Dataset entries
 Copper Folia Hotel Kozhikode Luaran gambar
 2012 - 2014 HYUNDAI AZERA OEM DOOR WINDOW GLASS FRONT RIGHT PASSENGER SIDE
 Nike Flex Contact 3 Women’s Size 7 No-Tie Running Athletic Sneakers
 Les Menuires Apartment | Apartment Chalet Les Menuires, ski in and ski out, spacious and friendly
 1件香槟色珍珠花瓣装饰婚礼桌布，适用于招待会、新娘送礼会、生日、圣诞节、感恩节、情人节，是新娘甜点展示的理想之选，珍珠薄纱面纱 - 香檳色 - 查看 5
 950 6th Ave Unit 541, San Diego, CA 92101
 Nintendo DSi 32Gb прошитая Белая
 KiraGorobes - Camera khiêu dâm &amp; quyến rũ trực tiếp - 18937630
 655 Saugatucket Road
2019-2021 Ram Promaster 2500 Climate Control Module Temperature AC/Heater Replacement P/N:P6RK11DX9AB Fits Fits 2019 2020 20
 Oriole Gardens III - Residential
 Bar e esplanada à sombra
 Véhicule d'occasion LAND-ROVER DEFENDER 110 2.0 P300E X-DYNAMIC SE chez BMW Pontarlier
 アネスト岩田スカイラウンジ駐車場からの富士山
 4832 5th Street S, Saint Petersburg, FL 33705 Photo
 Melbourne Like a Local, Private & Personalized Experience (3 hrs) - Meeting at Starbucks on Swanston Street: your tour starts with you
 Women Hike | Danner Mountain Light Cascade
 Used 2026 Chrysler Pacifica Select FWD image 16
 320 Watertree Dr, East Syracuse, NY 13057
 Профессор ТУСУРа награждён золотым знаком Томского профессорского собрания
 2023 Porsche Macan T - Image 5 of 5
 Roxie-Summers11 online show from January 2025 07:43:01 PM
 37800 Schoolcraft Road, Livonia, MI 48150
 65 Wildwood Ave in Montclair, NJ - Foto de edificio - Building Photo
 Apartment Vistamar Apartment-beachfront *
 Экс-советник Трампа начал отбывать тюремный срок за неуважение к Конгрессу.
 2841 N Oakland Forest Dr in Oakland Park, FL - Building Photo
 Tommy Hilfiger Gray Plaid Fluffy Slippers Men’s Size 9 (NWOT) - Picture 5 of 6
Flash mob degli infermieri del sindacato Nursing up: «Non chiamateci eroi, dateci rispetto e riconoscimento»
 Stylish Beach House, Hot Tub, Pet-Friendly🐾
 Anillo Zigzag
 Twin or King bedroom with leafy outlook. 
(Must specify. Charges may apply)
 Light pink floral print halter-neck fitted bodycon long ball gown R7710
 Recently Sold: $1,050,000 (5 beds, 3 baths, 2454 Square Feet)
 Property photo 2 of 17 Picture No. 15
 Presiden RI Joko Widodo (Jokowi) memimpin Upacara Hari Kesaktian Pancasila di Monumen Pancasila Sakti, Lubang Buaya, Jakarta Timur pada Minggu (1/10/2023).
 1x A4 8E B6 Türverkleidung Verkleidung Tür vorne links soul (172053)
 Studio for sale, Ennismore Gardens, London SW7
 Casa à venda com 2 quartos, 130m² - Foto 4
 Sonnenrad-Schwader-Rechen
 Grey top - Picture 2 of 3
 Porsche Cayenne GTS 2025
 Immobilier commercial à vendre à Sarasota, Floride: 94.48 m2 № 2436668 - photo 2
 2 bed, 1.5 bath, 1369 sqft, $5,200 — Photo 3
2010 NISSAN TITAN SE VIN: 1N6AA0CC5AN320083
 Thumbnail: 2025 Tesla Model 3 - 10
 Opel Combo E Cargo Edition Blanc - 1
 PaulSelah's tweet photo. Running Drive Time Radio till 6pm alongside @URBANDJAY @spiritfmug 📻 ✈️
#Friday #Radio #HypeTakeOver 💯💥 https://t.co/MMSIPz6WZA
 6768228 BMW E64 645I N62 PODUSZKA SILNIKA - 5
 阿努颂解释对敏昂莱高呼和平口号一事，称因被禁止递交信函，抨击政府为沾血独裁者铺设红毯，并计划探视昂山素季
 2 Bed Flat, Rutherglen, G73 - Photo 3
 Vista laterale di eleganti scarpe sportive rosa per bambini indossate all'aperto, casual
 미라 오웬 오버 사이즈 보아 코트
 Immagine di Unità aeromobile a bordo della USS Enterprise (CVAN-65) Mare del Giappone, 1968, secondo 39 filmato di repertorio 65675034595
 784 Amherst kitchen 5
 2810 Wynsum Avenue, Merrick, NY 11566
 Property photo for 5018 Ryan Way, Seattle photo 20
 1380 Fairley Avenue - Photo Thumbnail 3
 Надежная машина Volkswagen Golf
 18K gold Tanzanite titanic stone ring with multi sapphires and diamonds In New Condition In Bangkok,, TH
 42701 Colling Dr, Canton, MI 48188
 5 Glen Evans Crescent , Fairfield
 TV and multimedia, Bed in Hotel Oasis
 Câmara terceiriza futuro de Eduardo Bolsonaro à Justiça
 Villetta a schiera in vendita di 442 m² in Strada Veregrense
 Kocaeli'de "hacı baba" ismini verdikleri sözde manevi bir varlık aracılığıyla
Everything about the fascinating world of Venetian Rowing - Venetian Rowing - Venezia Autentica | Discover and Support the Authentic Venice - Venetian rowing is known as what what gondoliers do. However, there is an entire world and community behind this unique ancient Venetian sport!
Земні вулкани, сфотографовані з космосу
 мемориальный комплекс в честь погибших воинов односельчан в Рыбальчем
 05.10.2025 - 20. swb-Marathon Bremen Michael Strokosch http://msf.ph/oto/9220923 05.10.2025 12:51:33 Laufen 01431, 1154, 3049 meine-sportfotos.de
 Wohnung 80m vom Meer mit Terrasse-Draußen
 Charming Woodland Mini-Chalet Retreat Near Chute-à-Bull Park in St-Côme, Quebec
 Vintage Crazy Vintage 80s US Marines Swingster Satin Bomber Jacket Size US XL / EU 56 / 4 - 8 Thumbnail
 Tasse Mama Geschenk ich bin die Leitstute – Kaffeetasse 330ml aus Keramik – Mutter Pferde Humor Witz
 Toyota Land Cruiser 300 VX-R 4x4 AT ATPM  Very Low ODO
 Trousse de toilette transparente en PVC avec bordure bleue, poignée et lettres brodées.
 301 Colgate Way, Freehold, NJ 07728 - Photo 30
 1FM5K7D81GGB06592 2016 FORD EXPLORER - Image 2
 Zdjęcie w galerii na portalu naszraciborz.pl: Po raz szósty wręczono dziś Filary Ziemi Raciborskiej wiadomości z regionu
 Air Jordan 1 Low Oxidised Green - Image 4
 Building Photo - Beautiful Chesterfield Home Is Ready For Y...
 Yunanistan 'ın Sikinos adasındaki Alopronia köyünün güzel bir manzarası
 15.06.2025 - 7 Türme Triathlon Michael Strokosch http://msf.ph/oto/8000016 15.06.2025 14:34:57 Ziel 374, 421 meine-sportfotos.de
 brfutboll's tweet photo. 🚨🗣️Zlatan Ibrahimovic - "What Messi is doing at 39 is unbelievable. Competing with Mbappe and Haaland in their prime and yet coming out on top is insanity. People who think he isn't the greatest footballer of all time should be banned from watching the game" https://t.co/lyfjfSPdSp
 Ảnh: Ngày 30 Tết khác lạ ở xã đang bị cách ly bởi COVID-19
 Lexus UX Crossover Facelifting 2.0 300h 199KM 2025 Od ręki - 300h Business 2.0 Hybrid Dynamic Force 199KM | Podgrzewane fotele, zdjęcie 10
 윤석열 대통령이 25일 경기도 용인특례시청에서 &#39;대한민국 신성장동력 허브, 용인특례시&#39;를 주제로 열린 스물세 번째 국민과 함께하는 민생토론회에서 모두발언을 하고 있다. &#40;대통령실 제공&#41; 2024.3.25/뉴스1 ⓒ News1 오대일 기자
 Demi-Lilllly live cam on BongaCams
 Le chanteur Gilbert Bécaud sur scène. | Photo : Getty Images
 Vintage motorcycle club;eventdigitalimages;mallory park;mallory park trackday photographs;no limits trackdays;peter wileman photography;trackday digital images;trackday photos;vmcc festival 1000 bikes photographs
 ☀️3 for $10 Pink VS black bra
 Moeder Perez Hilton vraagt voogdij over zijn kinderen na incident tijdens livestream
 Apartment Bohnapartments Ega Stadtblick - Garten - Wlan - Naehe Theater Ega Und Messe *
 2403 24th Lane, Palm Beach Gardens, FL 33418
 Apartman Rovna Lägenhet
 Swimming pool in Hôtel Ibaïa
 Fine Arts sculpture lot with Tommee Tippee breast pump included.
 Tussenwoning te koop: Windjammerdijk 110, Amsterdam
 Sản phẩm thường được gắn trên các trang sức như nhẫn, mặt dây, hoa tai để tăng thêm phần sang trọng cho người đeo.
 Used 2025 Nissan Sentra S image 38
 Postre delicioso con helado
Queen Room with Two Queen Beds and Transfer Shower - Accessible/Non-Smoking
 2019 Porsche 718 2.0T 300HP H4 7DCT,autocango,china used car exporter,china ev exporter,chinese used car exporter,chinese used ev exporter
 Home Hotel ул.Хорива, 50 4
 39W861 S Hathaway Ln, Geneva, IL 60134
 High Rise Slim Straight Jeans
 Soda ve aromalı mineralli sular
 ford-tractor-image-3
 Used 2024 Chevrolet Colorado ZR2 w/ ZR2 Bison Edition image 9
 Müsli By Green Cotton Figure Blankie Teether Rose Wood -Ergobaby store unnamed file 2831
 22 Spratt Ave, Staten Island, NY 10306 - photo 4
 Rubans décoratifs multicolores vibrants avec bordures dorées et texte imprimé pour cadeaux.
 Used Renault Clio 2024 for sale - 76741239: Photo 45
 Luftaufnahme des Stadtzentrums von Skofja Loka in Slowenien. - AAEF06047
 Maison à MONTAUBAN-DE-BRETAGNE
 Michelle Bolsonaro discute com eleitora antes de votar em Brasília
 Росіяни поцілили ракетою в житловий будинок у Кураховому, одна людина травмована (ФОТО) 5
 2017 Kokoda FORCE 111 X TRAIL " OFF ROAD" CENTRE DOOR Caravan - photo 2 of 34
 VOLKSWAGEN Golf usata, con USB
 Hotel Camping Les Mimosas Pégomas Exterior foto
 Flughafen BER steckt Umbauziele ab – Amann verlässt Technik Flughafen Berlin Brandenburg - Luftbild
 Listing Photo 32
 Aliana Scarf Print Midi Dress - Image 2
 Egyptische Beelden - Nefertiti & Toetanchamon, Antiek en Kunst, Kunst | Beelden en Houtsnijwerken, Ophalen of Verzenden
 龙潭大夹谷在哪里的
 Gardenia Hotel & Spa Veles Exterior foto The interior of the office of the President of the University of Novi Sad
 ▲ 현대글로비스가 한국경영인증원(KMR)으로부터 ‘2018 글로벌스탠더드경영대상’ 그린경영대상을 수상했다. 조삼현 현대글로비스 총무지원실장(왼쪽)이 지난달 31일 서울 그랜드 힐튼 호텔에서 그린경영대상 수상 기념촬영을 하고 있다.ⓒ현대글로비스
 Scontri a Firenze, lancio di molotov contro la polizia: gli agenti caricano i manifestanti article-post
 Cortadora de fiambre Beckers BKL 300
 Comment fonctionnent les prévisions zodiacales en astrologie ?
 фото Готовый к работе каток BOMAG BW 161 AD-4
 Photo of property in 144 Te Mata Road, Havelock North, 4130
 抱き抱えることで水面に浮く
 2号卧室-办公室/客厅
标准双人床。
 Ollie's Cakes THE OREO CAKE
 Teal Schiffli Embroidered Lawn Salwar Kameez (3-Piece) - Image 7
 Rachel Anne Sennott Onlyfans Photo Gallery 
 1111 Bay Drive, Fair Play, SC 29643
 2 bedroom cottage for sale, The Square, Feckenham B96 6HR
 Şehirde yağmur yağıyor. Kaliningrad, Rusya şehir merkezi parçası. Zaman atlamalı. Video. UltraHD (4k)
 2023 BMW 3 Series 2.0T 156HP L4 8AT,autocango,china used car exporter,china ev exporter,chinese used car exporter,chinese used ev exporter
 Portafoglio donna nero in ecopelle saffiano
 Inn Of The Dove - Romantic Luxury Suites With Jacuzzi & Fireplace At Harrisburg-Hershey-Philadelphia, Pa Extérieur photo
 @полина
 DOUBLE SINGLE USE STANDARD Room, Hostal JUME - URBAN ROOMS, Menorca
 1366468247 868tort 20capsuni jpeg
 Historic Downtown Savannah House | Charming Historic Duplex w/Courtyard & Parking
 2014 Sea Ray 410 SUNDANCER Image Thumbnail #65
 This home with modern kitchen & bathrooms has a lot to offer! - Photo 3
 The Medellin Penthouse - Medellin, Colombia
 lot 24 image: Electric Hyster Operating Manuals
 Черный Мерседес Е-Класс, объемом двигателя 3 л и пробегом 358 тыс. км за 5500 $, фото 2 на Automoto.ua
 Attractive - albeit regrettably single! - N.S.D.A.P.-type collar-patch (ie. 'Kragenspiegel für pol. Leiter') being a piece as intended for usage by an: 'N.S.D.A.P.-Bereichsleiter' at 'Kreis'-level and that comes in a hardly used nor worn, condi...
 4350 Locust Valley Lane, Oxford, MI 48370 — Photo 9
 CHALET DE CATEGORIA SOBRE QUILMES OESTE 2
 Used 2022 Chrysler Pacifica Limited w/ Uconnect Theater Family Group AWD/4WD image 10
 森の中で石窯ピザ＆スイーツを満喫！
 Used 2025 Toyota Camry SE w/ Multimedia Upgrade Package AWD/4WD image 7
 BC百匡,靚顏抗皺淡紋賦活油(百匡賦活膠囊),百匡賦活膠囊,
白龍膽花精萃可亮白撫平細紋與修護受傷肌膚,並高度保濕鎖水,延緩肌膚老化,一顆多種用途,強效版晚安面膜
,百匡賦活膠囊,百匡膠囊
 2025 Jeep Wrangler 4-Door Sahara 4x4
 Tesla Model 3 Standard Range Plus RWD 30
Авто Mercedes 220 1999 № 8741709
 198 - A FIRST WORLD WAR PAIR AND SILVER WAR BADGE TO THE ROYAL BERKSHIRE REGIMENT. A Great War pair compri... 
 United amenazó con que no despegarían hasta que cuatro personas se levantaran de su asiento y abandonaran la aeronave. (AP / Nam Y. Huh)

YOUR TASK: Repeat, without changes, every line from the one that contains "Used 2025 Toyota" through the final line of the data.

SOLUTION TO THE PROBLEM:
 Used 2025 Toyota Camry SE w/ Multimedia Upgrade Package AWD/4WD image 7
 BC百匡,靚顏抗皺淡紋賦活油(百匡賦活膠囊),百匡賦活膠囊,
白龍膽花精萃可亮白撫平細紋與修護受傷肌膚,並高度保濕鎖水,延緩肌膚老化,一顆多種用途,強效版晚安面膜
,百匡賦活膠囊,百匡膠囊
 2025 Jeep Wrangler 4-Door Sahara 4x4
 Tesla Model 3 Standard Range Plus RWD 30
Авто Mercedes 220 1999 № 8741709
 198 - A FIRST WORLD WAR PAIR AND SILVER WAR BADGE TO THE ROYAL BERKSHIRE REGIMENT. A Great War pair compri... 
 United amenazó con que no despegarían hasta que cuatro personas se levantaran de su asiento y abandonaran la aeronave. (AP / Nam Y. Huh)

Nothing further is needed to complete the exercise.